With the new-look Guinness PRO14 soon to return, we are taking a look back at some of the great names of the past in this league.
And here we examine the cult heroes from the Irish provinces that have provided us with many a memory over the years.
And where better to start than with the man who led Connacht to their fairytale title back in the 2015/16 season?
Connacht back-row John Muldoon has made a record 303 appearances after having made his debut in 2004.
Without a doubt his finest moment was lifting his club’s first ever major trophy as captain when they won the 2015-16 title.
The Galwaymen defeated provincial rivals and traditional powerhouses Leinster 20-10 in the BT Murrayfield final and Muldoon was named man-of-the-match on an historic afternoon.
After a 131-year wait, Connacht had finally won major honours aptly lead by their iconic captain.
After the final whistle, Muldoon revealed he had bet 20 Euros he wouldn’t cry if his team won the competition.
He referred to the bet as “the best 20 quid I have ever spent.”
But while Muldoon enjoyed the greatest moment in the club’s history, the foundation was laid by another historic figure in ex-player and ex-coach, and Galway native, Eric Elwood.
As a player, he helped cement Connacht’s name on the European rugby scene during their run in the 2005/06 Challenge Cup where they lost their semi-final to eventual winners Harlequins.
He also helped his side make history and become the first Irish province to win on French soil when they beat Begles Bordeaux in 1997/98.
After retiring, he returned to Connacht as a coach, where he got revenge on Quins by knocking them off the top spot in the pool stage of the 2011-12 Champions Cup, condemning them to the Amlin Cup with a 9-8 victory at Galway Sportsground.
The golden boy of Irish rugby, the legend that is Brian O’Driscoll won two European crowns, a Challenge Cup and four domestic titles in his storied career with Leinster.
Arguably his most memorable display in a blue jersey was his man-of-the-match outing in the European semi-finals at Croke Park against Munster.
He scored his side’s second try of the game in the 61st minute, after a 60-metre interception to put the game beyond their rivals.
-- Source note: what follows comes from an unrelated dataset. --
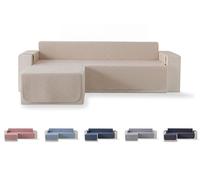 Todocama - Funda Cubre sofá, plazas, Protector de sofás Acolchado de Rombos, Transpirable, fácil de Limpiar, (Beige Arena, Chaise Izquierdo 240cm)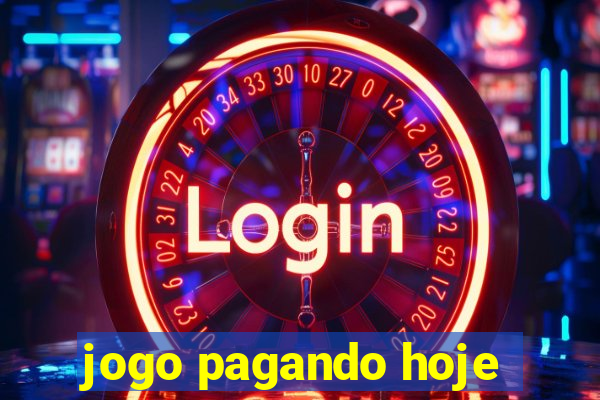 jogo pagando hoje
But to pick out one performance is impossible for a talisman who always seemed to produce when it mattered in the blue of Leinster and the green of Ireland. Indeed the centre hung up his boots as his country’s top appearance maker and top try scorer.
But New Zealand-born Isa Nacewa is one of the cherished adopted sons of Leinster.
Nacewa has operated all around the backs during his distinguished career, and retired from the game after three European Cups and three PRO14 titles with Leinster at the end of the 2012-13 season.
Much to the fans’ delight, he came out of retirement in April 2015 and re-joined the club.
He was named as captain at the start of the next campaign, a position he holds to this day.
He has since helped Leinster to a PRO14 final in 2016 where they lost to Connacht and finished as top try scorer in Europe the season just gone as Leinster made it into the semi-finals.
The beloved Paul O’Connell lifted two European titles with Munster as well as three domestic titles.
Their first European crown owed much to the legendary lock, scoring a try in the quarter-final against Perpignan, and putting in two huge performances in the semi-final against Leinster and the final against Biarritz Olympique.
He was named captain the following year and led his team to another European title in 2008,while with Ireland he was huge in their Grand Slam of 2009 and subsequent back to back titles in 2014 and 2015 before retiring later that year.
Ireland’s record points scorer, Ronan O’Gara, was also vital for Munster in that historic winning period.
Nothing sums up his importance in the clutch more than in 2011 when he slotted a 41st phase match-winning drop goal to down Northampton Saints at Thomond Park.
But he did it time and again for club and country, pulling the strings as Munster dominated both domestically and abroad.
Finally, Donncha O’Callaghan made a record 268 appearances for the province between 1998 and 2015.
He partnered O’Connell to complete one of the most revered and experienced second-row partnerships in the history of the game.
Ulster’s legendary fly-half David Humphreys captained his side to their only ever Euroepan crown in 1998-99.
His side defeated Colomiers 21-6 in front of 49,500 fans at Lansdowne Park. It was the crowning moment of a career which was very much not over at that point.
He went on to play for his side until 2008, when he retired to take up the role of Director of Operations; a position he held until 2014.
He also played a huge role in the 2005-06 Celtic League. Ulster were behind league leaders Ospreys and needed a win for glory.
With minutes to spare, Humphreys kicked a 40-metre drop goal and brought the trophy back to the Ulster’s quarter of the Emerald Isle.
Hooker Rory Best has made 230 appearances for Ulster and is going in to his tenth year as captain of the side.
Since making his debut in 2005, he has had an illustrious career at both provincial and international level.
He is the current captain of the national side and could conceivably break O’Driscoll’s appearance record.